Balance is now a central concern in the Communist Party of China's (CPC) new governance philosophy.
The single-minded pursuit of growth and efficiency is out. The new idea is to balance such needs with fairness, ecological wellbeing, as well as people's feelings.
The Scientific Outlook on Development itself is about balance and harmony. So is the composition of the new leadership core of the CPC.
The nine-man lineup includes four news faces, the youngest being 52 years old, ushering in considerable freshness into the Party's top leading panel.
With all the five leading members of the Political Bureau serving a new term, continuity in major national strategies is predictable. The new members, on the other hand, will prove a precious supplement to the rich experiences of the incumbent five.
Age-wise, the current layout of the Standing Committee of the Political Bureau is ideal insurance that the CPC's main policy initiatives will not be discontinued or twisted because of generation change.
Of the four new members, two are from the provinces, the other two from the CPC's national offices in Beijing.

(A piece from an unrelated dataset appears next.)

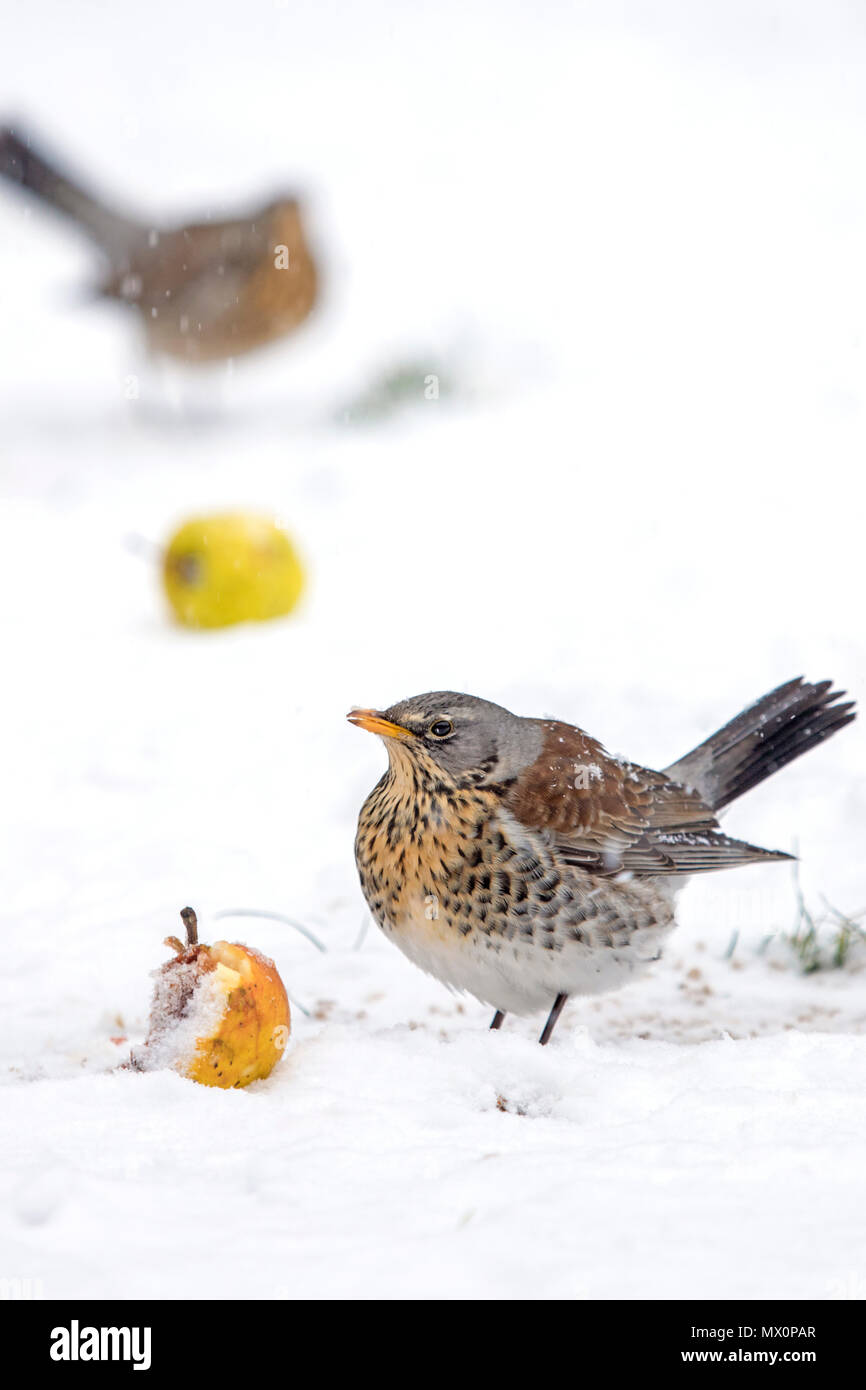 Cesene (Turdus pilaris) in un British winter garden, Gran Bretagna, Regno Unito Foto Stock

This may be coincidental. But the pattern also mirrors a balance - balance between central and local influences at the core of the Party's national authorities. An organic combination of perspectives from Beijing and the provinces has turned out to be crucial for the success of national policies. The younger blood from outside Beijing will help making policies applicable to local realities.
CPC Central Committee General Secretary Hu Jintao reiterated the promises he made on behalf of the Party at its just-concluded 17th National Congress after presenting the new Political Bureau leadership. At the heart of all the pledges is dedication to all-round, coordinated, and sustainable development oriented at public welfare. The fulfillment of which calls for sophisticated balancing all the time.
For the high hopes the nation pins on them, the new leaders of the Party should work hard so as to not let the people down.